Das Bundeskriminalamt veröffentlichte im März 2024 die Zahl von 8.951 Messerangriffen für das Jahr 2023 in Deutschland. „Messerangriffe“ im Sinne der Erfassung von Straftaten in der PKS sind solche Tathandlungen, bei denen der Angriff mit einem Messer unmittelbar gegen eine Person angedroht oder ausgeführt wird. 8951 Messerangriffe der BKA-Statistik bedeuten 24,5 Messerangriffe mit gefährlicher oder schwerer Körperverletzung in Deutschland pro Tag. Das stellt ein Allzeithoch dar. Hinzu kommen gemäß der PKS des BKA aber noch Messer bei Raubdelikten in 4.893 Fällen, was einen Anstieg um 11 % gegenüber dem Vorjahr darstellt.
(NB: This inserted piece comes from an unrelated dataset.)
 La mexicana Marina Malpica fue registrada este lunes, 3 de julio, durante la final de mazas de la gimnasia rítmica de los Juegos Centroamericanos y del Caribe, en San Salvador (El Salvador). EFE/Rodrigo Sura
Addiert man die 8.951 Messerangriffe mit den 4.893 Fällen von Raubdelikten mit Messern ergibt dies die Zahl 13.844. Dies wären dann 37,9 Fälle pro Tag in Deutschland, bei denen ein Mensch entweder mit einem Messer bedroht wird – auch im Rahmen von Raubüberfällen – oder mit dem Messer (schwer) verletzt wird.12

Wichtig festzustellen ist, dass die Polizeibehörden bei dieser Zahl von Messerkriminalität lediglich Messer erheben, also nicht Macheten, Spitzhacken, angespitzte oder angeschärfte Gegenstände sowie andere Hieb- und Stichwaffen. Das zählen die unterschiedlichen Bundesländer anders oder führen keine konkrete Statistik dazu, ob es sich um ein Messer oder eine Machete oder eine angeschärfte Eisenstange handelt. Daraus folgt, dass die tatsächliche Zahl von Angriffen mit Hieb- und Stichwaffen noch erheblich höher ist als durchschnittlich 37,9 Fälle pro Tag.13

Nahezu jeden Tag müssen Polizeibehörden Angriffe vermelden, bei denen Menschen durch Messergewalt schwer oder lebensgefährlich verletzt oder sogar getötet werden wie zuletzt der 29-jährige Polizist Rouven L. in Mannheim. Wenige Stunden bis Tage später kam es im Frühsommer 2024 zu Messergewalt in Frankfurt am Main, Saarbrücken, Leverkusen, Berlin, Bremen und Dortmund.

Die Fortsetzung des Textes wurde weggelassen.